Hasmonean's boys' and girls' schools says rising costs mean the service must end on 28 October

An image showing an example of lunch food at a secondary comprehensive school. (Photo: Alamy)
An image showing an example of lunch food at a secondary comprehensive school. (Photo: Alamy)

Two Jewish secondary schools in north-west London will stop providing kosher meals to students next month, asking parents to send in a packed lunch from the end of October.

A letter seen by the Jewish News was sent to parents and carers of students at Hasmonean High School for Boys and Hasmonean High School for Girls, both based in Hendon, north-west London.

It read: “Rising supply costs have meant that it is no longer financially viable for [our catering supplier] to continue supplying our schools.

“As a result, effective as of 28 October 2022, there will be no food supplied to both schools for either the morning or lunch breaks.

“Despite our extensive research into locating a replacement caterer, this has been unsuccessful and unfortunately, this will mean that all students will be required to bring in a packed lunch daily going forward, and a snack for break time if they would like to. All food and drink brought into the school must of course be kosher.”
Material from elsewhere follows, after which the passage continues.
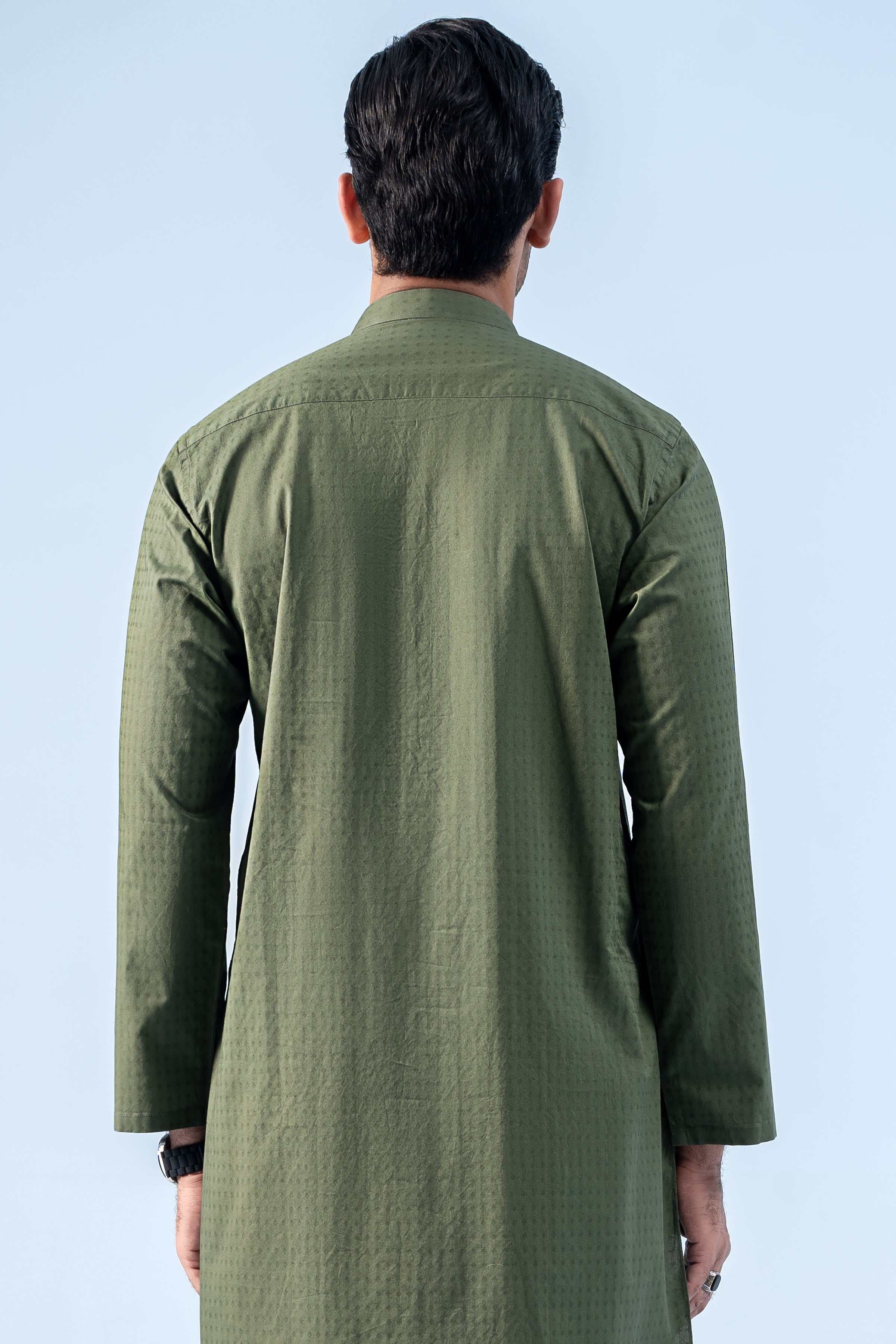PREMIUM SELF DOBBY KURTA OLIVE - Image 3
It added: “We will be sending out information regarding students who receive Free School Meals over the next few weeks so that they continue to receive what they are entitled to.

“We are sorry that this will cause you inconvenience but unfortunately this is due to circumstances beyond our control.”

Paul Robottom, the founder and director of Signature Dining, confirmed that his company would no longer supply meals to the Hasmonean secondary schools.

Robottom, who supplies almost 18 Jewish primary and secondary schools with kosher meals, described the impact of rising prices seen in food and fuel inflation as an “economic pandemic”.

Reflecting on the cost of living crisis, called for more government support for businesses and schools, warning that without it the industry would go bust.

“Everyone is being squeezed,” he said. “It is hugely impacting us, it is a new pandemic, an economic pandemic and it will only get worse.”